- [Excerpted records]:
○ ○ ○ ○
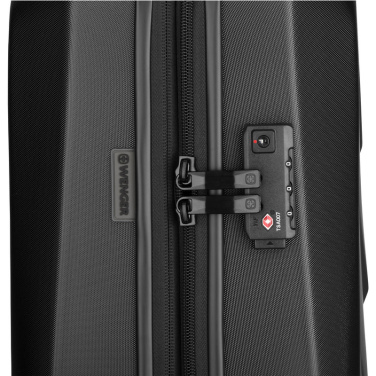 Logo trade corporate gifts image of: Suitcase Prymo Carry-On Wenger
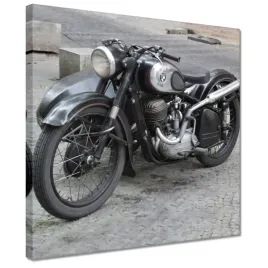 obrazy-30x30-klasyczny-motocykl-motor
○ ○ ○ ○
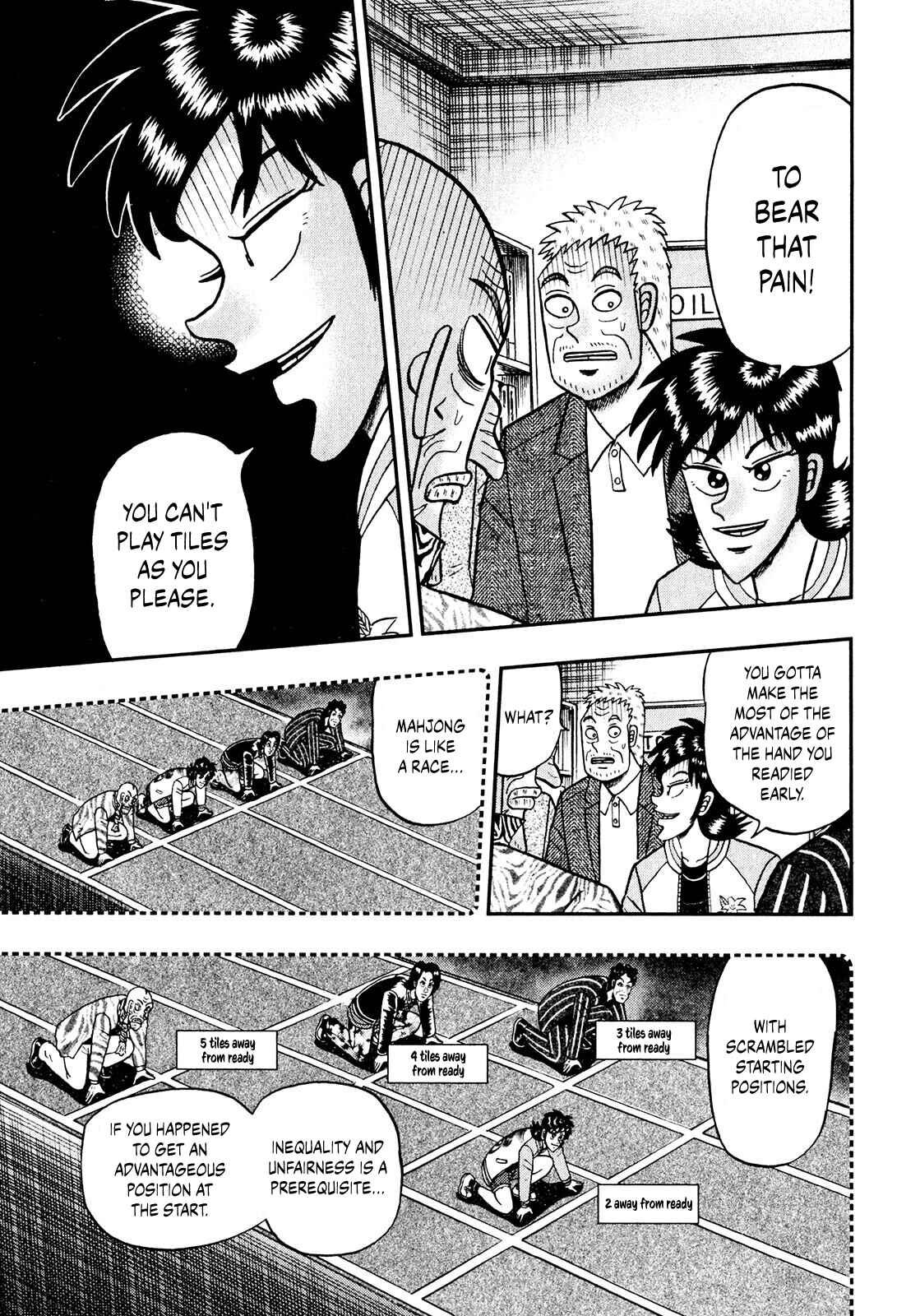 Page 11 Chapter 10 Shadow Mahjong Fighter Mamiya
○ ○ ○ ○
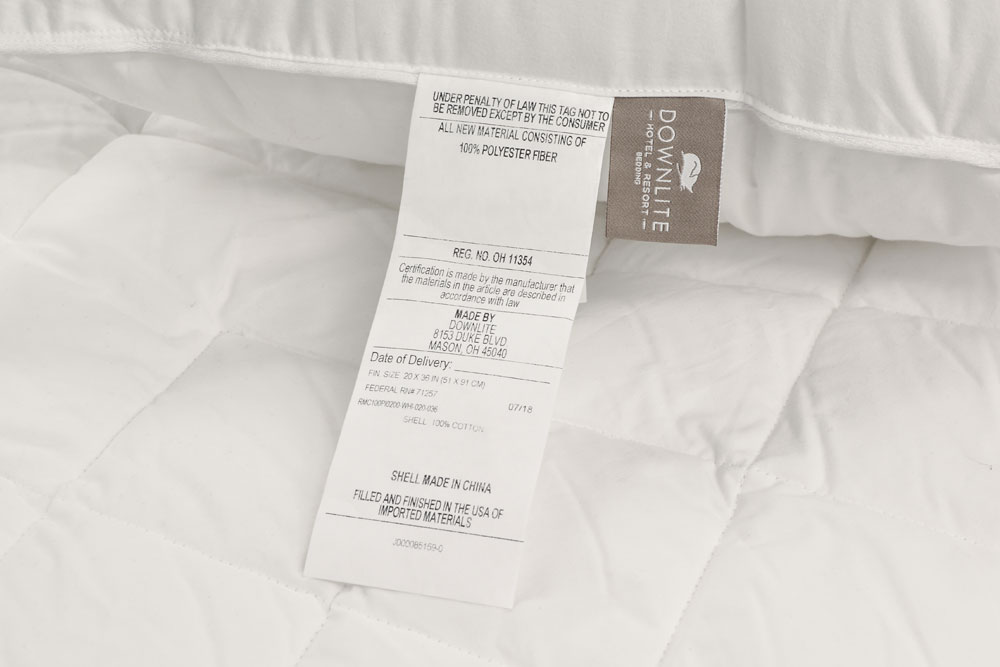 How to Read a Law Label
○ ○ ○ ○
- [How to complete this task]: Set down again, word for word, every line from the one with "Logo trade corporate" to the one with "obrazy-30x30-klasyczny-motocykl-motor" in the entries above, and omit the pictures.

- [Task response]:
 Logo trade corporate gifts image of: Suitcase Prymo Carry-On Wenger
 obrazy-30x30-klasyczny-motocykl-motor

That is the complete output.